Torches on the walls and light from the windows
John McNicol has the screen in front of him and begins a guided tour around one of two versions of the Mariakirken church. This version was created by four students, two of whom sat up all night to complete it. Torches burn on the walls, a crucifix hangs above the altar and a dim light enters through the windows. The church is constructed of red brick; in fact, the king built a large brick factory on the opposite side of the Alna river to obtain materials for his new church.
Although the students have discovered a great deal of information for themselves, not all of it can be considered reliable. In some places they have allowed themselves some personal interpretation, while in others they have chosen the most likely solutions – for example because they are found in similar existing buildings.

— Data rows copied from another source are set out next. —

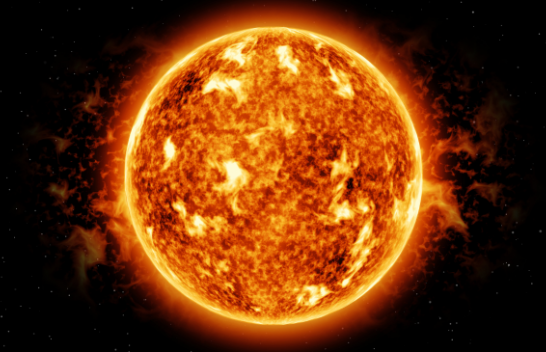 NASA publikoi foto të shpërthimit diellor që shkaktoi ndërhyrje radio në Tokë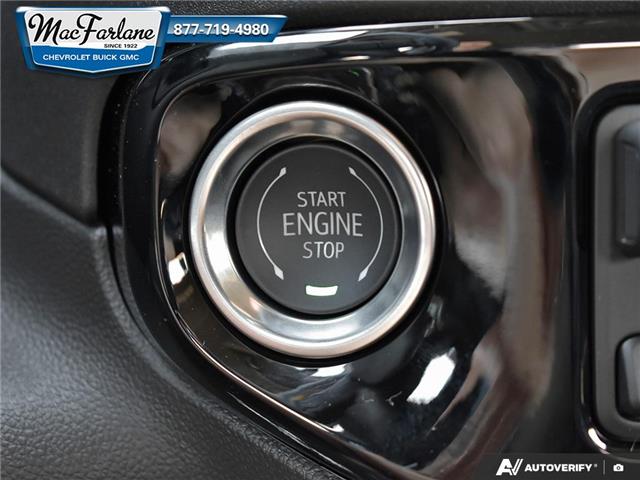 2026 GMC Sierra 1500 SLE (Stk: 6460100) in Petrolia - Image 20 of 27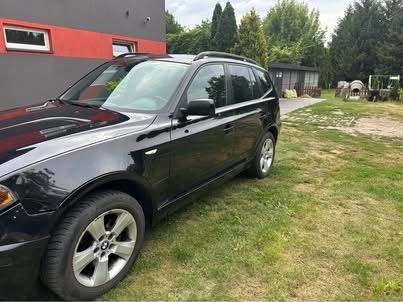 Bmw x3 e83 3.0D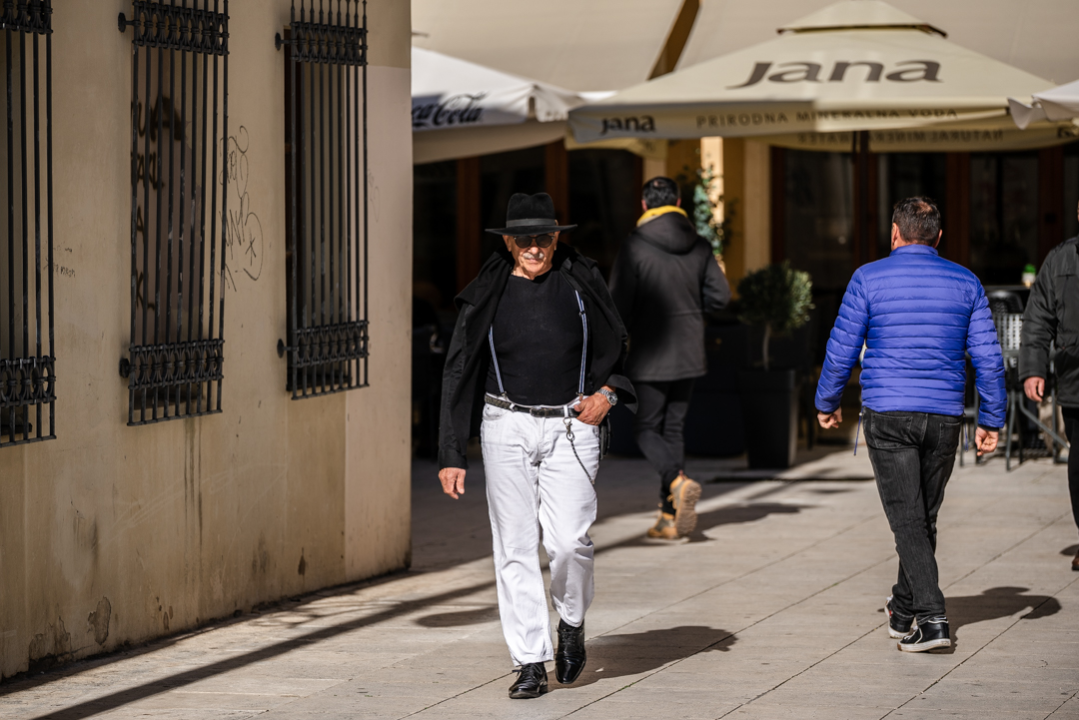 FOTO Đir po gradu, ponedjeljak 27. ožujka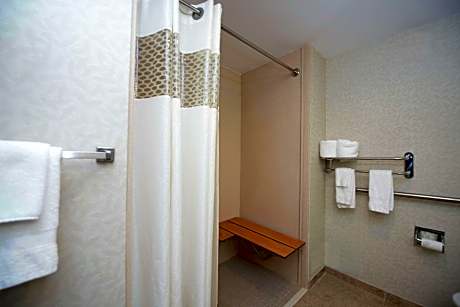 King Room with Accessible Tub - Mobility and Hearing Access/Non-Smoking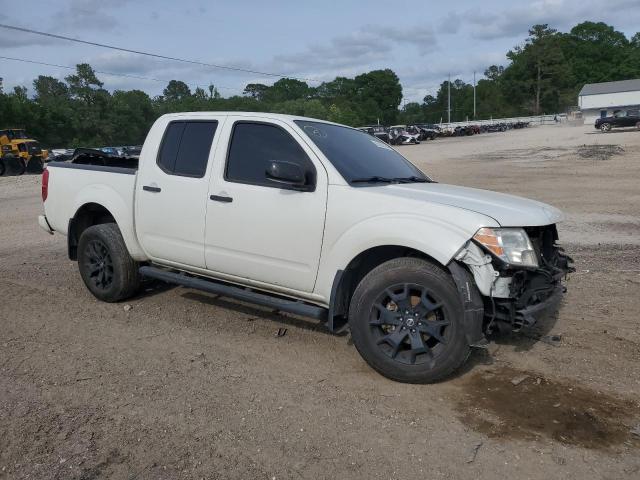 1N6AD0ER0KN753773 - 2019 NISSAN FRONTIER S WHITE photo 4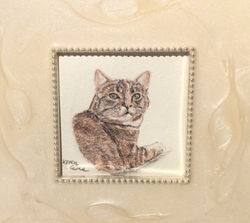 Colour Pencil Artwork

"The students were asked to find buildings from the Middle Ages that might have resembled those in Oslo. For example, it is probable that the Norwegian king envisaged the Mariakirken church as a site of royal burial. Roskilde Cathedral in Denmark functioned as such, and this is a brick church constructed in the same period. It is therefore not unlikely that they had many features in common," says McNicol.
Undreamt of possibilities
The university lecturer has faith in using Minecraft in his teaching. As far as he is aware, he is the first academic at a Norwegian university to do so. Yet the idea of reconstructing places in Minecraft is not new; in 2014, Denmark laid out the entire topography of the country on a scale of 1:1 in Minecraft, and in 2015 the Norwegian Mapping Authority accomplished the same thing with Norway. The students have also built the medieval city on a scale of 1:1, which has forced them to make accurate measurements of the ruins.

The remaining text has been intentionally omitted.